First things first, we LOVE Trellick Tower. Why? Well, to be honest, it’s quite hard to explain. Its big butch exterior certainly isn’t what you would call, naturally welcoming. It has had 50 years of wear and tear and I don’t think it’s ever had an uplifting lick of paint…ever, but, its Trellick. We all know by now it was built by our Hungarian hero Erno Goldfinger, in 1972. Post-World War Two II, following the destruction of nearly 4 million houses Erno was commissioned to save the day with some high-rise architecture, and he did just that!
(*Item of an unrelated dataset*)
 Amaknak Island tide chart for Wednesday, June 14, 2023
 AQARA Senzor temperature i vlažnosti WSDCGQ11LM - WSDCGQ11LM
Erno was known as a humourless man who often succumbed to fits of notorious rage. Nice! He once forcibly threw two prospective clients out of a meeting because the merely suggested potential changes to one of his designs. I think a lot of his nature came out in his work. To someone who doesn’t know the heart of Trellick, the brutalist architecture looks cold and unwelcoming. In fact, when the building was completed it was well known that it was unpopular amongst residents, the local community and to be honest, most post-modernist architects. So, in short, we have an ugly building, built in an ugly style, by an angry man who had a James Bond character named after him (Auric Goldfinger), so what is all the fuss about?
In 2022 Trellick Tower celebrated its 50th Anniversary. Anyone who attended that event will be able to tell you what is so special about this place. It’s first and foremost best quality is its community. During Thatcher’s premiership in the early 80’s she released her ‘Right to Buy’ scheme that allowed council property residents to purchase their homes. This has allowed a huge diversity and culture within the estate that can rarely be found anywhere else. The Hall of Fame Graffiti Wall is infamous in the community and local area, with the basketball hoops being featured in a host of film, music and TV appearances. I suppose most recently being that of established UK grime artists like Digga D, Central Cee, and AJ Tracy whose talent was incubated by that of the community and surrounding communities of Trellick and other local estates. It is also found featuring in ‘For Queen and County’ with Denzel Washington and it was used in the ‘Bandersnatch’ episode of Black Mirror written by Charlie Brooker.
For all of its short snippets in the limelight that is not what makes Trellick Special. Given the eclectic mix of residents within the building you can find all sorts of weird and wonderful people. At Noahs we believe we have sold one of the most recent apartments in the building in 2020. The new owners have decided to restore the flat to as close to its original construction as possible. Reinstating the original steel skiting boards and architrave, painstakingly removing the plaster off of the walls to get back to the original concrete interior and bring back Erno’s brutalist concept.
What does the future look like for Trellick Tower and the estate on which it stands? Well it has certainly come full circle from its days as a vision of the future to a relic of the past, and back again. Although it has stood for 50 years, at Noahs London we hope it will continue to be an important landmark overlooking London for many more decade to come!